Nihal and Bharat Bopanna in “Vijayanand” (Photo courtesy of VRL Film Productions)


Directed by Rishika Sharma

Kannada, Hindi, Telugu, Tamil and Malayalam with subtitles

Culture Representation: Taking place in India (mostly in the state of Karnataka), from 1969 to 2011, the dramatic film “Vijayanand” features an all-Indian cast of characters representing the working-class, middle-class and wealthy.

Culture Clash: Vijay Sankeshwar overcomes many obstacles, rivals and skeptics to become a successful entrepreneur and politician. 

Culture Audience: “Vijayanand” will appeal primarily to people who are interested in epic-styled biopics about business people and politicians, even if those biopics have exaggerated elements.

Nihal in “Vijayanand” (Photo courtesy of VRL Film Productions)

Based on a true story about how a family’s small business was turned into an empire, “Vijayanand” often looks like a glorified fairy tale and shameless promotion. However, this drama has enough realistic moments that can be entertaining and inspirational. It’s not just a story about success in business and politics. It’s also a story about fathers, sons, and the dreams they can pass on through generations.

Directed by Rishika Sharma, “Vijayanand” is a sweeping tale that takes place in India (mostly in the state of Karnataka), from 1969 to 2011. The movie (which is told in chronological order) clocks in at 159 minutes to make it look more like a saga than the average biopic. The story centers on real-life entrepreneur/politician Vijay Sankeshwar (played by Nihal) and his rise, fall and comeback in many areas of his life.

The movie protrays Vijay first defying expectations as businessman when his stern father B.G. Sankeshwar (played by Anant Nag) reacts with skepticism when Vijay has purchased a used, semi-automatic Victoria printing machine for the family’s printing press business. Vijay has inherited the business from B.G., but Vijay wants to radically revamp the business by pocket dictionaries and cookery books.
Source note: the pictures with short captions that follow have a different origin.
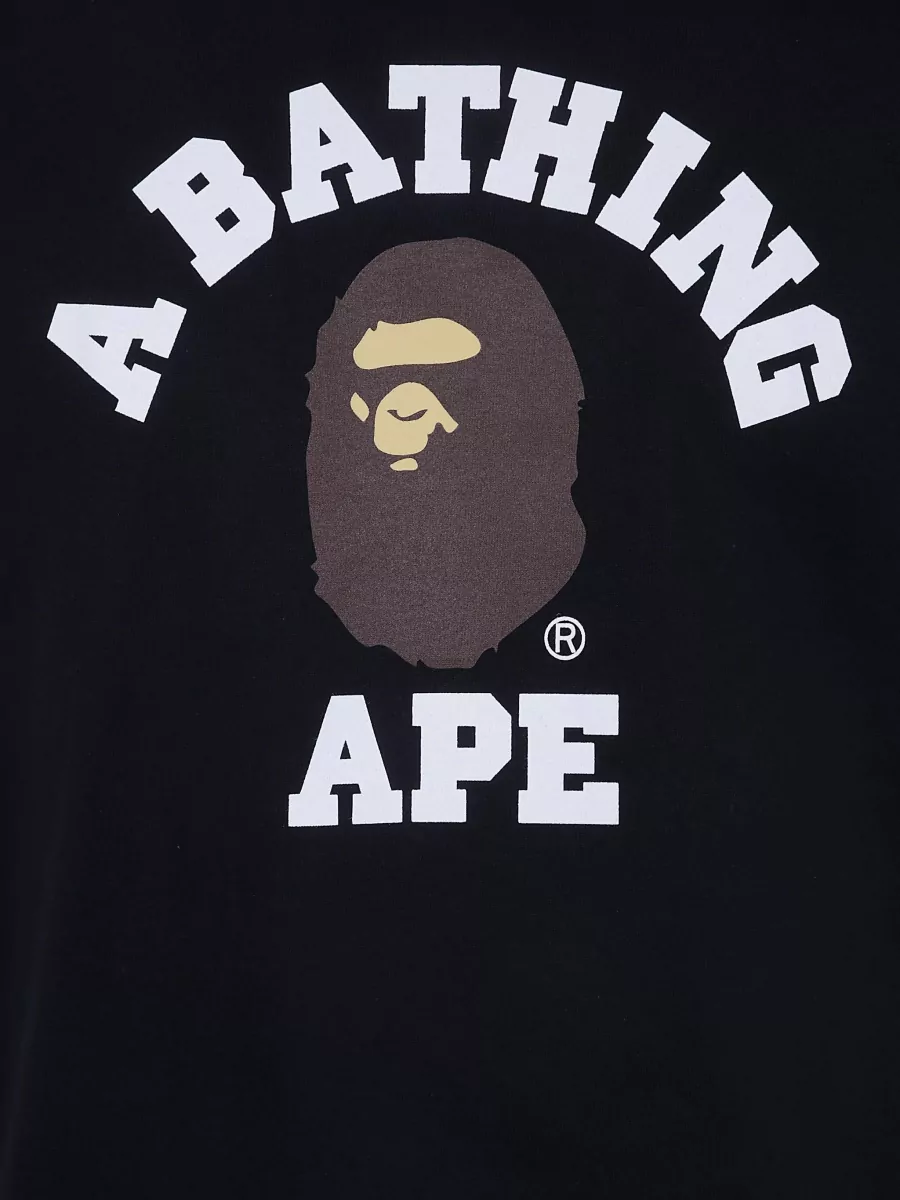 Bape Ribbed Crew Neck Graphic Cotton T-Shirt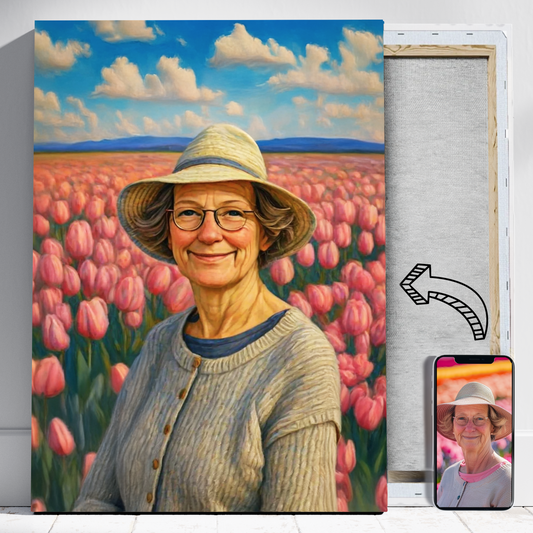 Mama z tulipanami jak malowana - Portret ze zdjęcia na prezent dla kobiety
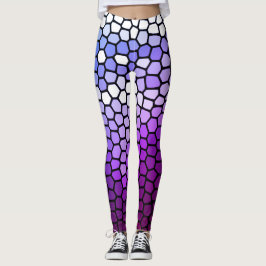 Legging Quic Geométrico Púrpura e Branco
In order to buy the semi-automatic Victoria printing machine, Vijay had to take out loans totaling ₹80,000. B.G. thinks Vijay made a big mistake by going to this debt. Vijay disagrees and thinks it’s an investment. It should come to no surprise to viewers that Vijay made the right decision.

The movie depicts the courtship and marriage of Vijay and his wife, Lalitha Sankeshwar (played by Siri Prahlad), who got married in 1972. Also chronicled is the birth of their first child, a son named Anand Sankeshwar, who is portrayed as an adult by Bharat Bopanna. The adult Anand is also the movie’s narrator.

It should be noted that the real-life Anand is a producer for “Vijaynand,” which is distributed by Anand’s VRL Film Productions. Therefore, the movie is very biased, which explains why some parts look fabricated for the sake of making Vijay look like he’s got extraordinary physical strength. For example, in some parts of the film, Vijay turns into an amazing action hero in fight scenes with certain villains. These fight scene are overly staged and look very phony.

Shortly after Anand’s birth in 1976, Vijay took another big risk and announced that he was leaving the family printing business to his brothers because Vijay wanted to start a new business: truck transportation. The name of the new business would be Vijayanand, a combination of Vijay’s name and Anand’s name. And once again, Vijay takes on a huge amount of debt to launch this business.

Almost everyone in Vijay’s family—including his father B.G. and mother Chandramma (played by Vinaya Prasad), also known as Chandra—think he’s making another foolish mistake. And this time, B.G. tells Vijay that he won’t bail him out financially if Vijay can’t get out of debt and the business fails.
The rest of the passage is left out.